RECORDED DATA

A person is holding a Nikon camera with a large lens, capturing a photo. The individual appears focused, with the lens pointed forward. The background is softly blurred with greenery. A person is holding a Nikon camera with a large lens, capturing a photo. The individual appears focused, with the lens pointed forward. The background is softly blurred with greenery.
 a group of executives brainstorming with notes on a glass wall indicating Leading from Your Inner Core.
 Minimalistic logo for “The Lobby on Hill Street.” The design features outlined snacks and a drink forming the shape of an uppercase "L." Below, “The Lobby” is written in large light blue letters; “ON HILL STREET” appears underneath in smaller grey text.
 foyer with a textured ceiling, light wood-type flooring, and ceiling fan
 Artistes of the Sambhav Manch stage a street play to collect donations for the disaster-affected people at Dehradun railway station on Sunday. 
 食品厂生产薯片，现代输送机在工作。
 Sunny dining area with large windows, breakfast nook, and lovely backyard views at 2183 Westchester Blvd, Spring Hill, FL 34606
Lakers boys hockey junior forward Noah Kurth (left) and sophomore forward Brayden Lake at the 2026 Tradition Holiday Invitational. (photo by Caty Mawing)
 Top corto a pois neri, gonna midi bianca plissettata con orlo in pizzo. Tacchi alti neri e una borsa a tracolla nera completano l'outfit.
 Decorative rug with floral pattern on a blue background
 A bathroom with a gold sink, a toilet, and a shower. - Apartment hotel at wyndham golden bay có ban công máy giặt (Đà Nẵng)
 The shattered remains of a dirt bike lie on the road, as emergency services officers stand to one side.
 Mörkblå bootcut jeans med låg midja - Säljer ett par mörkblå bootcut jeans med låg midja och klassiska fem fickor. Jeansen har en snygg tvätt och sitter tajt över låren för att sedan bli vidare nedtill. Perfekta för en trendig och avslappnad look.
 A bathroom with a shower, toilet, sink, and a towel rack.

TASK ITEM
Everything from the line containing "foyer with a" through the final line of the entries is to be written out exactly. No other lines belong in the answer.

RESPONSE TO THE TASK
 foyer with a textured ceiling, light wood-type flooring, and ceiling fan
 Artistes of the Sambhav Manch stage a street play to collect donations for the disaster-affected people at Dehradun railway station on Sunday. 
 食品厂生产薯片，现代输送机在工作。
 Sunny dining area with large windows, breakfast nook, and lovely backyard views at 2183 Westchester Blvd, Spring Hill, FL 34606
Lakers boys hockey junior forward Noah Kurth (left) and sophomore forward Brayden Lake at the 2026 Tradition Holiday Invitational. (photo by Caty Mawing)
 Top corto a pois neri, gonna midi bianca plissettata con orlo in pizzo. Tacchi alti neri e una borsa a tracolla nera completano l'outfit.
 Decorative rug with floral pattern on a blue background
 A bathroom with a gold sink, a toilet, and a shower. - Apartment hotel at wyndham golden bay có ban công máy giặt (Đà Nẵng)
 The shattered remains of a dirt bike lie on the road, as emergency services officers stand to one side.
 Mörkblå bootcut jeans med låg midja - Säljer ett par mörkblå bootcut jeans med låg midja och klassiska fem fickor. Jeansen har en snygg tvätt och sitter tajt över låren för att sedan bli vidare nedtill. Perfekta för en trendig och avslappnad look.
 A bathroom with a shower, toilet, sink, and a towel rack.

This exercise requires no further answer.